An EMR vendor making a decision to act in this manner will require them to change how they look at EMR acquisitions. The EMR acquisition targets will dramatically change. Instead of looking for failing EMR companies where they can cheaply buy more EMR market share, EMR companies with this approach should be focusing on a quality EMR software that hasn’t yet achieved the EMR market share that they deserve.

The cool part about the strategy of maintaining multiple EMR software instead of the strategy of sunsetting one or the other is that you purchase a bunch of happy EMR users instead of alienating a whole mass of EMR users that’s software is no longer supported. Of course, this will require proper communication of your goals and objectives so that current EMR users see the benefit of the acquisition and aren’t left wondering what the acquisition means to them. I’m not just talking about standard PR spin. I mean real tangible communication and interaction which demonstrates your plans for the acquired EMR going forward.

An EMR company with this method of EMR software acquisition, also needs a different set of skills. After sunsetting an acquired EMR, you need to have a strong set of integration and transition services to make the change to your EMR as smooth as possible.
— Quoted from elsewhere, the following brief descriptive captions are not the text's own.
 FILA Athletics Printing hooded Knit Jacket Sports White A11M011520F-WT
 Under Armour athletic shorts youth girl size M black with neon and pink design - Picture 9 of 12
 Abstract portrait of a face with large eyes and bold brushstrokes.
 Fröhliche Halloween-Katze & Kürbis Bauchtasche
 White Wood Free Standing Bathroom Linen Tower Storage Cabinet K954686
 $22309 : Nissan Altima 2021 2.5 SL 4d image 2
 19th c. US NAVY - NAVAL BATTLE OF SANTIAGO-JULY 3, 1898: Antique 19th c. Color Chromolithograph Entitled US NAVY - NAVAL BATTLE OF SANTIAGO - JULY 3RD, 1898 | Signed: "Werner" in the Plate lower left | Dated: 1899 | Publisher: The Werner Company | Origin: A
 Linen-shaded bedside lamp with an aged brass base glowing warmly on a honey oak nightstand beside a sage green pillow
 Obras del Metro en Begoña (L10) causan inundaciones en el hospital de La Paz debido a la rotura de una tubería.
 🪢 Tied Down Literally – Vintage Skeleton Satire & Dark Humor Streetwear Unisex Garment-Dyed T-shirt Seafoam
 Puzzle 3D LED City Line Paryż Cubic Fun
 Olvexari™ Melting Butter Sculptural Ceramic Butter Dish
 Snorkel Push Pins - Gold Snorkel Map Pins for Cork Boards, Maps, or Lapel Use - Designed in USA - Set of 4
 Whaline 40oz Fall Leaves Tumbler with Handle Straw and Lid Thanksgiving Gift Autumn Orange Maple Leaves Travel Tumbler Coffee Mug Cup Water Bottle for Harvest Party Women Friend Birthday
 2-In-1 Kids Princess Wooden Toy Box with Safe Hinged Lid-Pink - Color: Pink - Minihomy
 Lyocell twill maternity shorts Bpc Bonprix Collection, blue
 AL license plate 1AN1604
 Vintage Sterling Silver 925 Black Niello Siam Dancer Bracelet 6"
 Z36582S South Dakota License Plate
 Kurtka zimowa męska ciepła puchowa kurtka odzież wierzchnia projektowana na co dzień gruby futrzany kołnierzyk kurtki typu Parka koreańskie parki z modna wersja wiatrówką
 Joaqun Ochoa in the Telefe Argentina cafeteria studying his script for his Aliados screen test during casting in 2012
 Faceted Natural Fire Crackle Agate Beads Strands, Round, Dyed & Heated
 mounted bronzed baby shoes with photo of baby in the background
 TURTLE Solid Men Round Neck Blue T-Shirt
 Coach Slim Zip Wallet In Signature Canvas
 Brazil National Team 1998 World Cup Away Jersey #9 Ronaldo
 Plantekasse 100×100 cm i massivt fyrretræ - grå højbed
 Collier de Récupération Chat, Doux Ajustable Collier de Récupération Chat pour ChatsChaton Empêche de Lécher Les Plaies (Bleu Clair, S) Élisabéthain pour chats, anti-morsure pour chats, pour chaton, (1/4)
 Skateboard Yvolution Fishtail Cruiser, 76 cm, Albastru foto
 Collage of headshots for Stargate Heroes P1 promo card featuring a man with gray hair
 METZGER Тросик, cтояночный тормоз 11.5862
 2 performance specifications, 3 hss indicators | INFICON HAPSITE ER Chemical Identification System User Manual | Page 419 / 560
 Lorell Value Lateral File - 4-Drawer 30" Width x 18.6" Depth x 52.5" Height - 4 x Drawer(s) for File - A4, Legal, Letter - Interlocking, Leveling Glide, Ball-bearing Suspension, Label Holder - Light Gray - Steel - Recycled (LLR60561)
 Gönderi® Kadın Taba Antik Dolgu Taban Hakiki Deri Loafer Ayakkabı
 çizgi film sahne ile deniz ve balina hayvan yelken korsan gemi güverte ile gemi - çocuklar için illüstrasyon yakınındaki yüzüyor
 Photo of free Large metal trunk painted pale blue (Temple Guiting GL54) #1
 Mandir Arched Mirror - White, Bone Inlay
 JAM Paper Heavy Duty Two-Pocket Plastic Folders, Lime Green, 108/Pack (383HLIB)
You also require a unique sales force that can sell the transition to your EMR over a transition to an altogether new EMR software. None of these services are needed if you continue to maintain the acquired EMR. Instead, your company must focus on other redundant services like marketing that could be leveraged across companies.

Of course, this isn’t an easy task to do well. Acquisitions rarely are an easy process. However, I think this is a lesson that was recently learned by Google as well. There’s value after an acquisition to keep autonomous business units. In fact, doing so opens up a whole new set of acquisition targets in a less competitive environment.

If I were a board member at an EMR company, this is the type of stuff I’d be considering. Certainly not every EMR vendor is 1. in a position to do these things and 2. has the culture to make it happen. However, I predict that the EMR company of the future will be a conglomerate of multiple specialty specific EMR software and not just a one size fits all atrocity.